Но при этом сложность противоборствующих общественных тенденций, образующих политическую коллизию, никоим образом не должна упрощаться. Подобная "стилизация" (т. е. сокращение или искривление "полноты движения") исказила бы само содержание и сделала бы драматическую коллизию плоской. Простого выбора отдельных моментов здесь недостаточно, необходимо выделение именно тех из них, которые со всей полнотой и напряжением выражают всю совокупность движущих сил данной политической коллизии.

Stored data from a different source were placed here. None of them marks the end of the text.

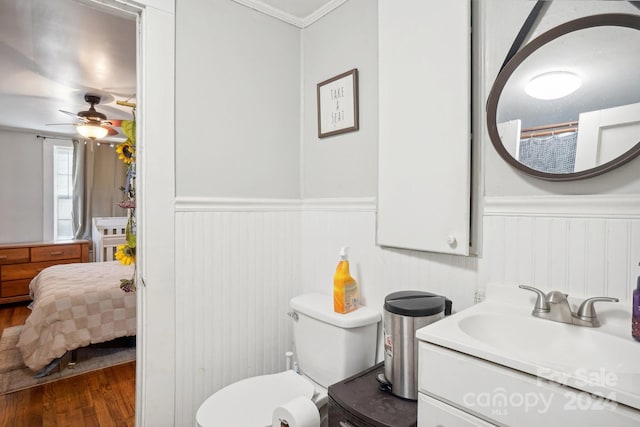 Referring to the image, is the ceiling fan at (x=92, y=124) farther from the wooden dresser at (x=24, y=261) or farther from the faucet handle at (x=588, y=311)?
the faucet handle at (x=588, y=311)

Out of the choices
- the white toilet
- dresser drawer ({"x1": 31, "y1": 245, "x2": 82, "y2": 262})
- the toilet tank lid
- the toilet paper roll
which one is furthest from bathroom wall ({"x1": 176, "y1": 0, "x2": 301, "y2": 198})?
dresser drawer ({"x1": 31, "y1": 245, "x2": 82, "y2": 262})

Особенно интересны и поучительны замечания Шиллера о "сухой целесообразности" и средствах к ее поэтическому преодолению. Он совершенно справедливо указывает на то, что такое преодоление может дать лишь последовательное развитие этой "целесообразности". Именно наиболее крайний и (заостренный случай обнаруживает общественно-человеческую основу этой "сухой целесообразности". В ее последовательном развитии заключается средство для преодоления непоэтического характера подобного материала. Художественная практика самого Шиллера показывает, как мало помогает в подобных случаях какая-нибудь "примесь человеческого". Такие прибавления остаются простыми вставками и "сухость" политического материала сохраняется, несмотря на эти вставки.
В то же время жизненным является в драме только то, что переходит в непосредственное (чувство, в нечто непосредственно-человеческое, Даже правильно понятый политический конфликт, наиболее умно и тонко выбранная историческая коллизия, остаются мертвыми в художественном произведении, если они ре получают непосредственного чувственного выражения. При этом совершенно безразлично, разрушается ли подлинный драматизм действия благодаря абстрактно-тенденциозному, условно-агитационному или мистическому воспроизведению данного материала. Упадок драматического искусства приводит к бессмысленным колебаниям между этими односторонними и ложными крайностями.
Шекспир великолепно показал, как наполняются человечески-жизненным элементом великие исторические коллизии. В этом отношении не лишен интереса упрек, который Гегель делает по адресу шекспирова "Макбета". Гегель указывает, что в источнике, которым пользовался Шекспир, упоминается о некоторых правах Макбета на шотландскую корону, и высказывает сожаление по поводу того, что Шекспир оставил этот мотив в стороне.
Нам кажется, что для изображения распада феодального общества этот мотив был бы излишним. В ряде своих хроник Шекспир на множестве примеров показал, что подобные юридические права не раз провозглашались совершенно произвольно в ходе борьбы самодержавия с феодализмом. В конкретном изображении английской истории он уделил этим так называемым правам ту эпизодическую роль, которой они заслуживают. Но в "Макбете" он хотел изобразить как бы квинтэссенцию величия и падения подобного героя, изобразить ее в общечеловеческом разрезе. Он с поразительной точностью и глубиной показывает психологические черты, возникающие на этой общественно-политической почве. И Шекспир совершенно прав, не желал обременять драматического рисунка всякими мелкими побочными мотивами. Следование рецепту Гегеля привело бы к драме в духе Геббеля, а не в духе Шекспира.